__TASK STATEMENT__
Pictures aside, output each record exactly.

::: RAW DATA

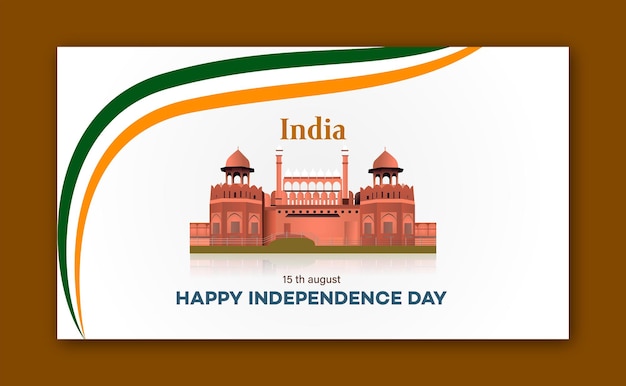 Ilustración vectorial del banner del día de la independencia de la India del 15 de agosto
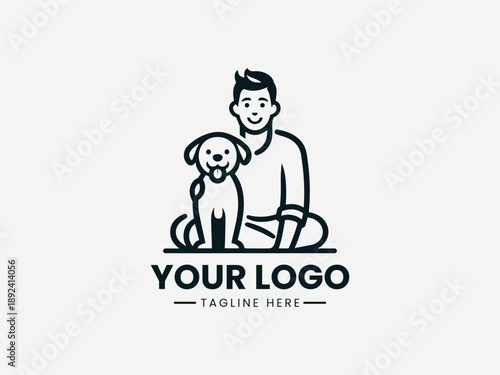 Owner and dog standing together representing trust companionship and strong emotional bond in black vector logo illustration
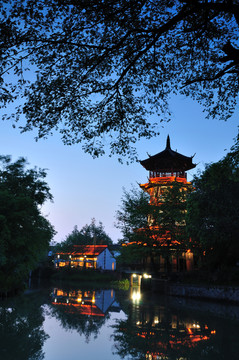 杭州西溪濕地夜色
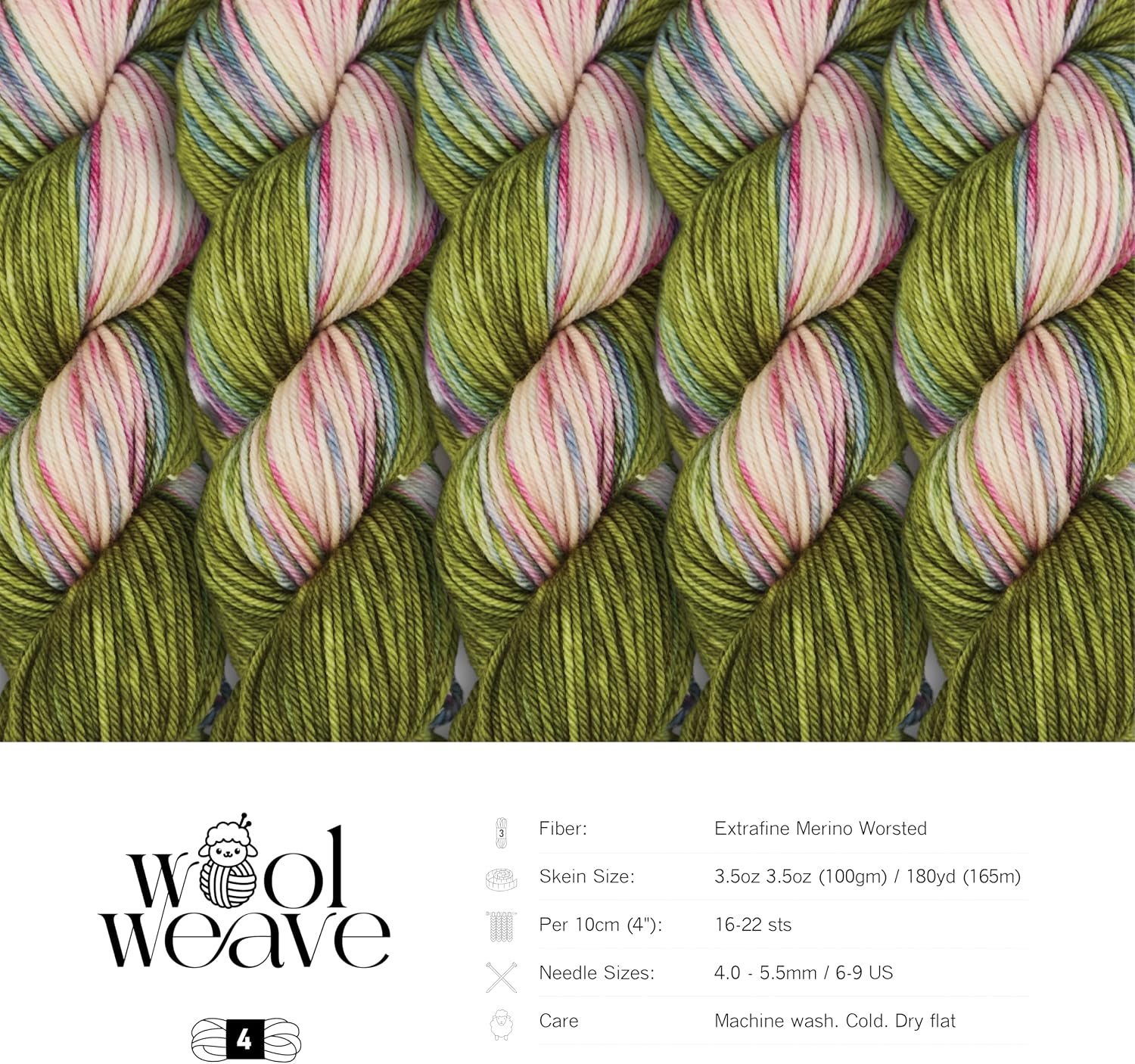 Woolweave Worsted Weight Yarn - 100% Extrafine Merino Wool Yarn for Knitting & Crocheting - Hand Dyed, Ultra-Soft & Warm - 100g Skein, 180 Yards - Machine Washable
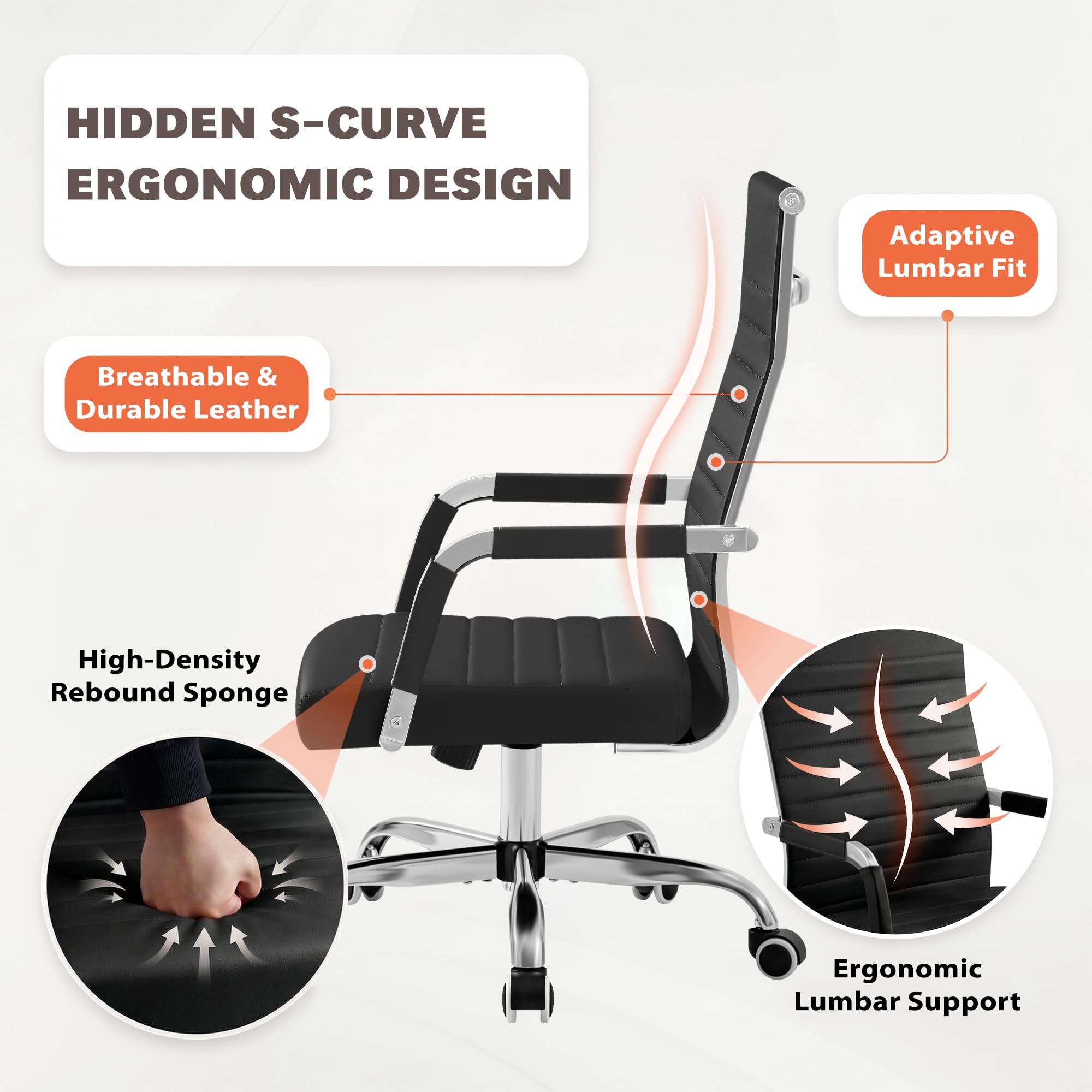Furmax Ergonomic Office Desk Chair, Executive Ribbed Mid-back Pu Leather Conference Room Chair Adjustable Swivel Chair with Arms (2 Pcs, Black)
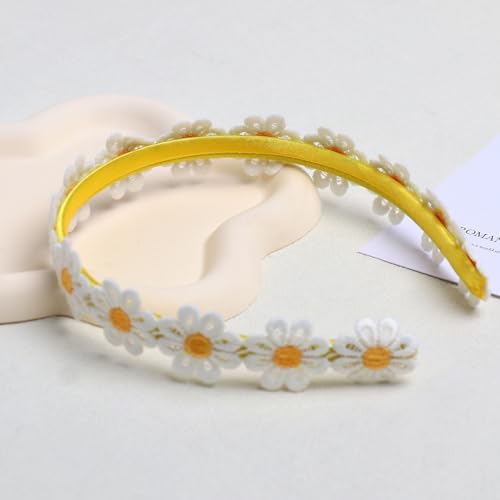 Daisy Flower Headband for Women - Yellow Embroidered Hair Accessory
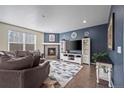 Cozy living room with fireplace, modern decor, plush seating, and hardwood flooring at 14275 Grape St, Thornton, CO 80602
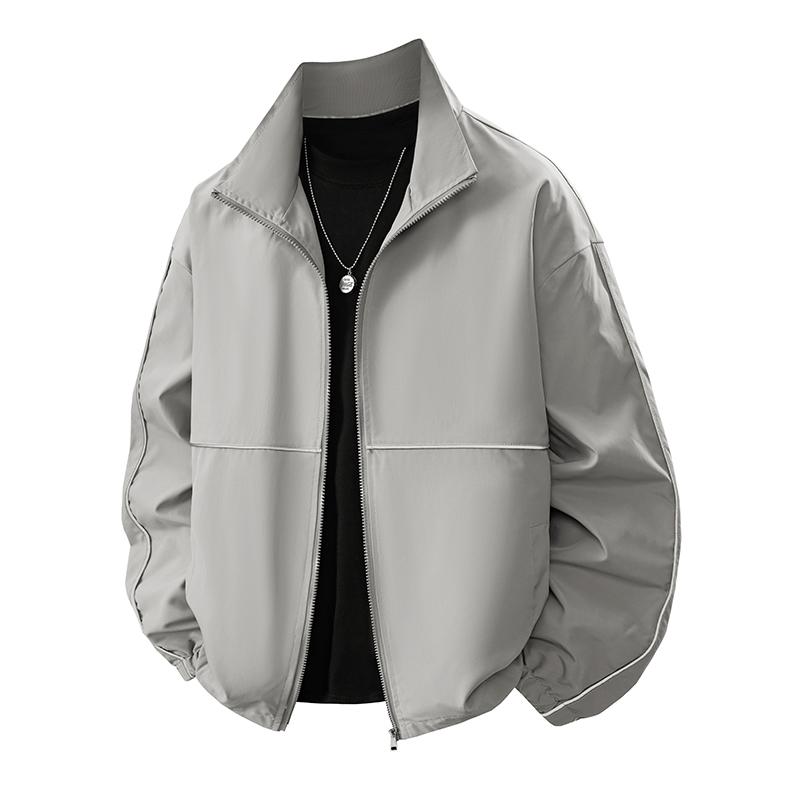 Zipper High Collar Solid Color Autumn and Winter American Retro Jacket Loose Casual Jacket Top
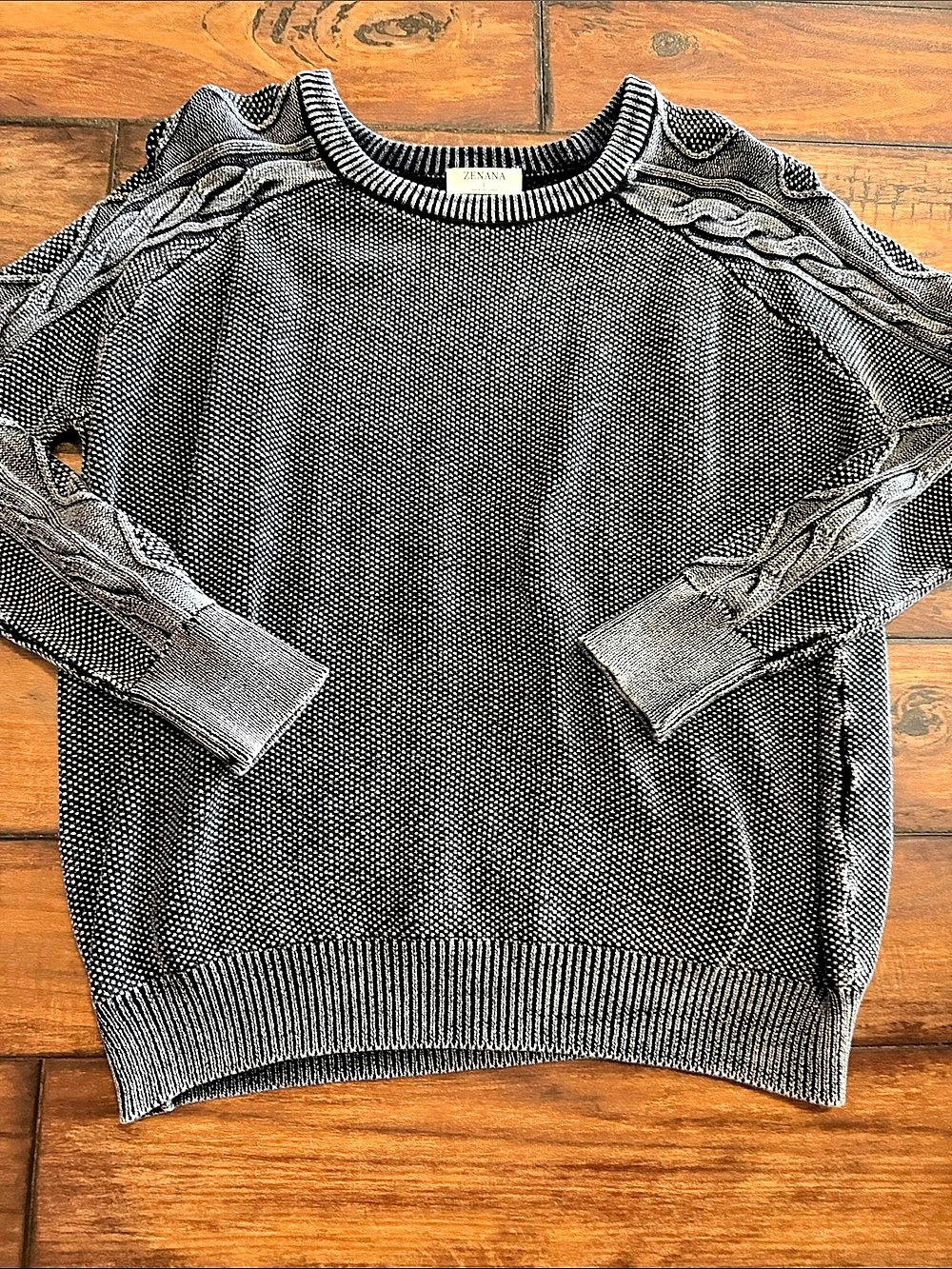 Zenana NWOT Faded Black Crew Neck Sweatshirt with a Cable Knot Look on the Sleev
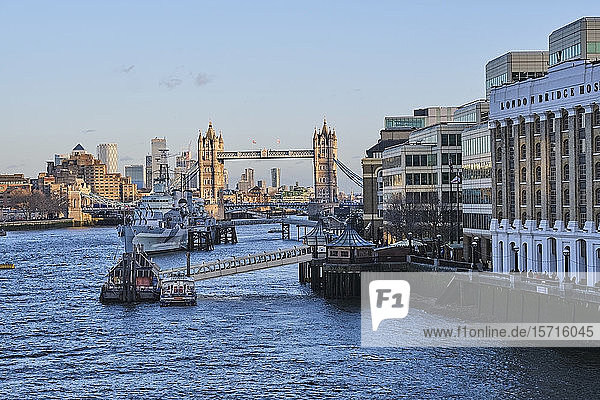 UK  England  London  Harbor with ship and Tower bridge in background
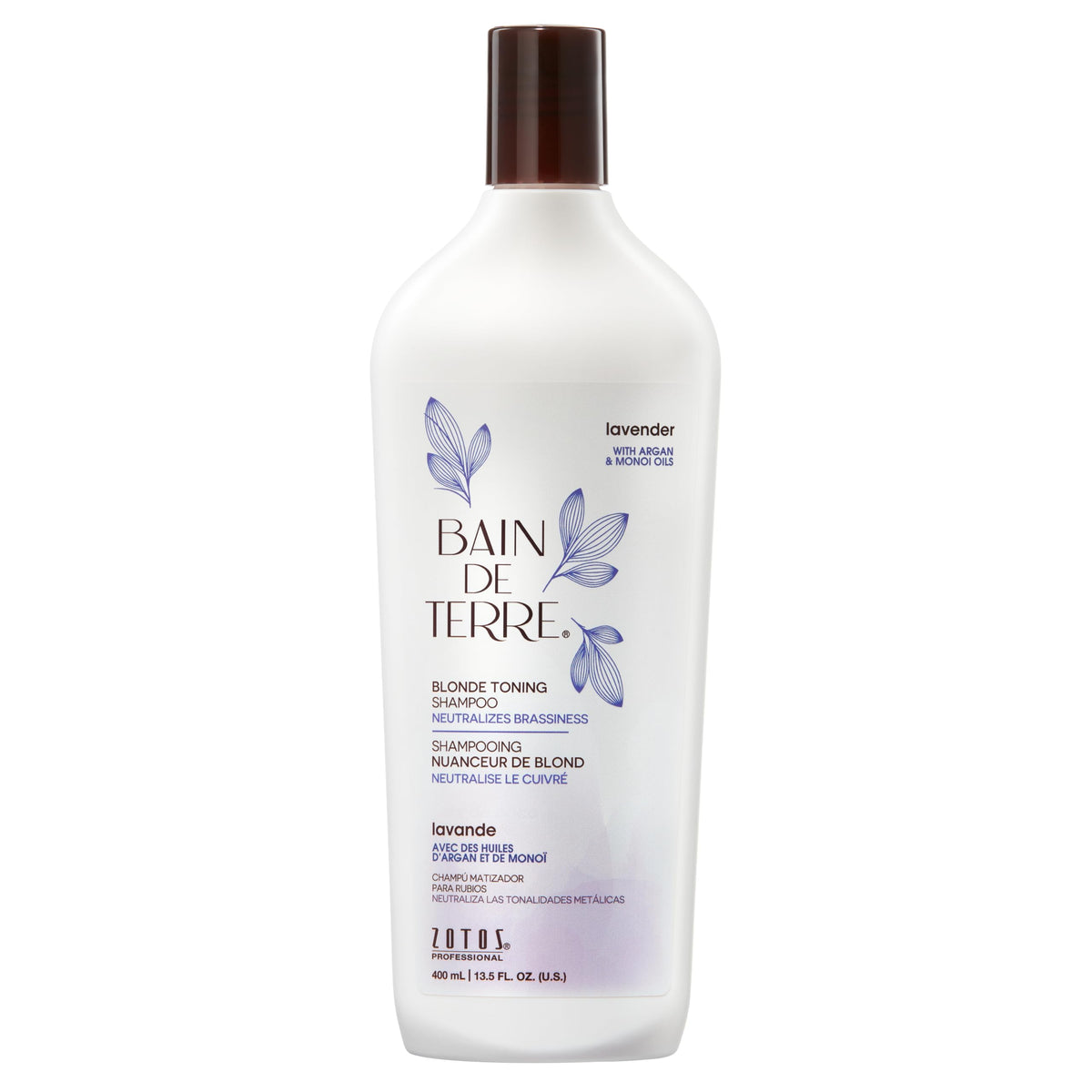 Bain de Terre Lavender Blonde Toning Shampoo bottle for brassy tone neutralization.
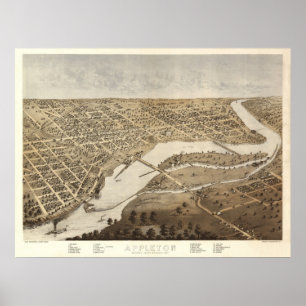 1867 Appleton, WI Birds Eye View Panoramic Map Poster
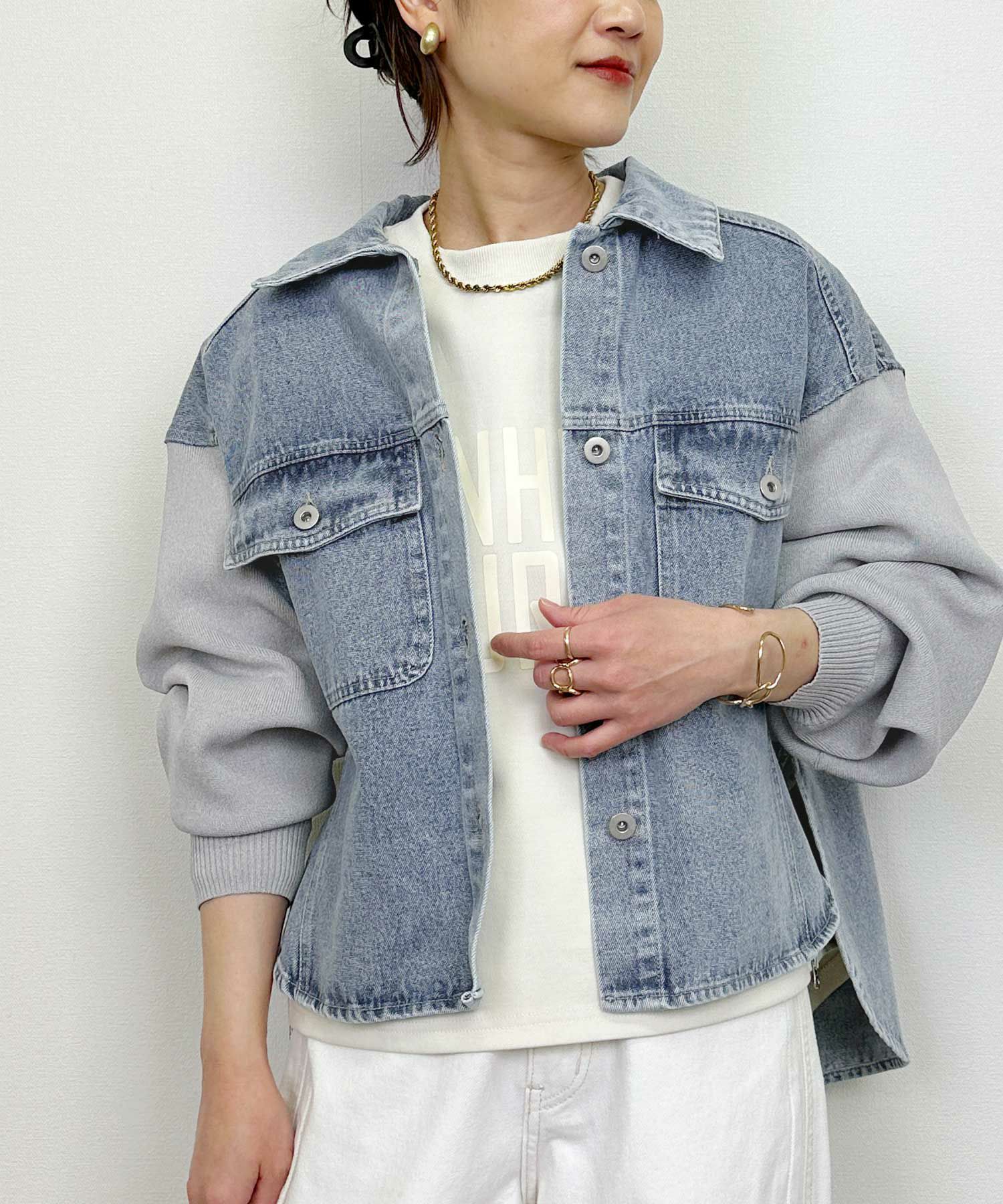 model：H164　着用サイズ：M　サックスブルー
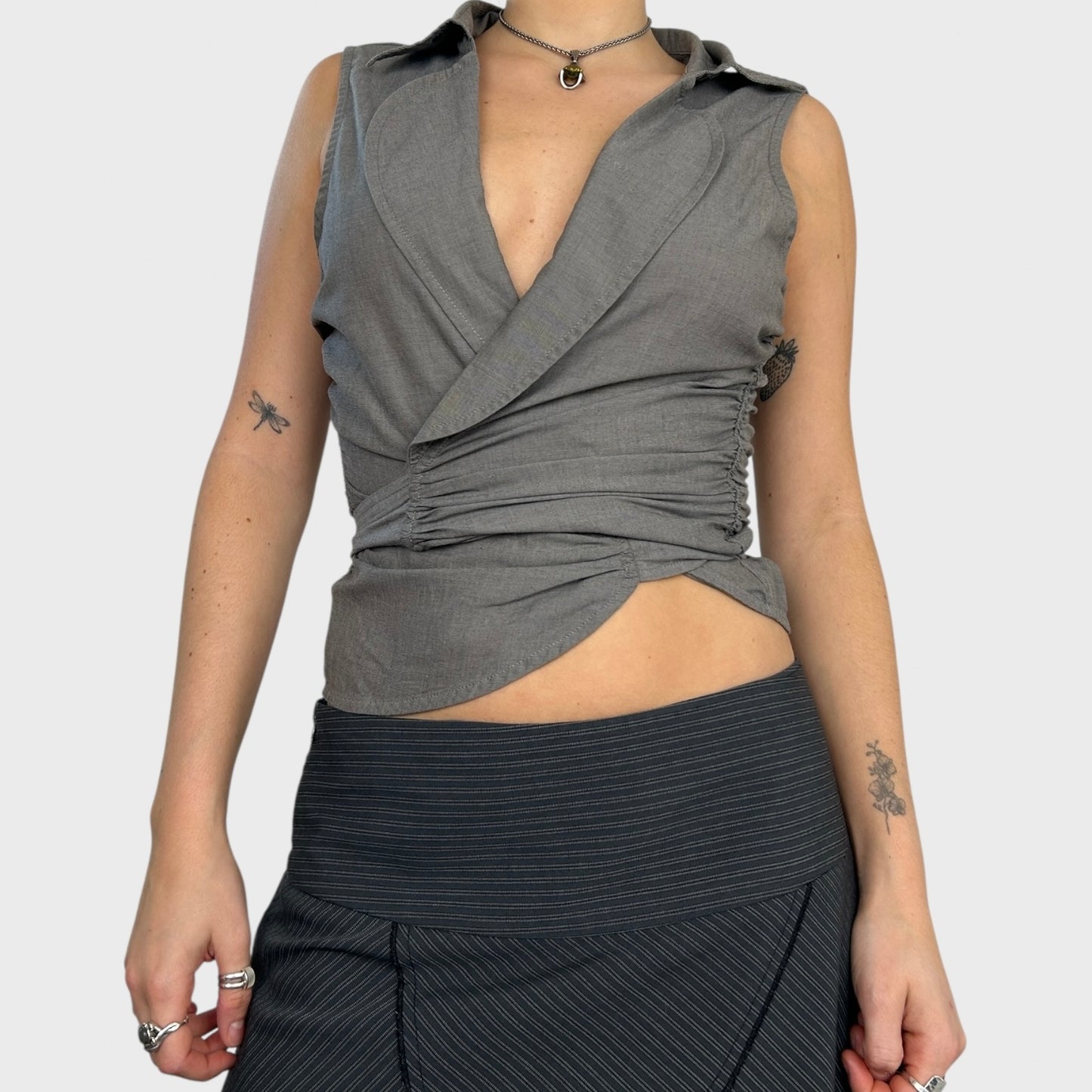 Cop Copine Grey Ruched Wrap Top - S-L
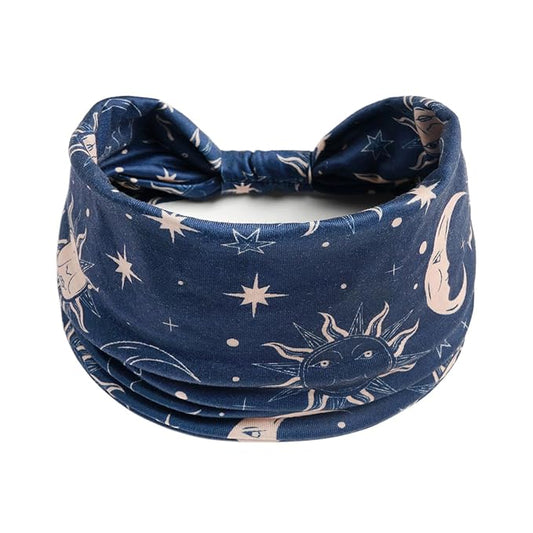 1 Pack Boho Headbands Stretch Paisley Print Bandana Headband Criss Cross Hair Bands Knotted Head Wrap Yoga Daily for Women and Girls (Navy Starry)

::::::

__ANSWER TO THIS PROBLEM__
 Ilustración vectorial del banner del día de la independencia de la India del 15 de agosto
 Owner and dog standing together representing trust companionship and strong emotional bond in black vector logo illustration
 杭州西溪濕地夜色
 Woolweave Worsted Weight Yarn - 100% Extrafine Merino Wool Yarn for Knitting & Crocheting - Hand Dyed, Ultra-Soft & Warm - 100g Skein, 180 Yards - Machine Washable
Furmax Ergonomic Office Desk Chair, Executive Ribbed Mid-back Pu Leather Conference Room Chair Adjustable Swivel Chair with Arms (2 Pcs, Black)
 Daisy Flower Headband for Women - Yellow Embroidered Hair Accessory
 Cozy living room with fireplace, modern decor, plush seating, and hardwood flooring at 14275 Grape St, Thornton, CO 80602
 Zipper High Collar Solid Color Autumn and Winter American Retro Jacket Loose Casual Jacket Top
 Zenana NWOT Faded Black Crew Neck Sweatshirt with a Cable Knot Look on the Sleev
 UK  England  London  Harbor with ship and Tower bridge in background
 Bain de Terre Lavender Blonde Toning Shampoo bottle for brassy tone neutralization.
 1867 Appleton, WI Birds Eye View Panoramic Map Poster
 model：H164　着用サイズ：M　サックスブルー
 Cop Copine Grey Ruched Wrap Top - S-L
 1 Pack Boho Headbands Stretch Paisley Print Bandana Headband Criss Cross Hair Bands Knotted Head Wrap Yoga Daily for Women and Girls (Navy Starry)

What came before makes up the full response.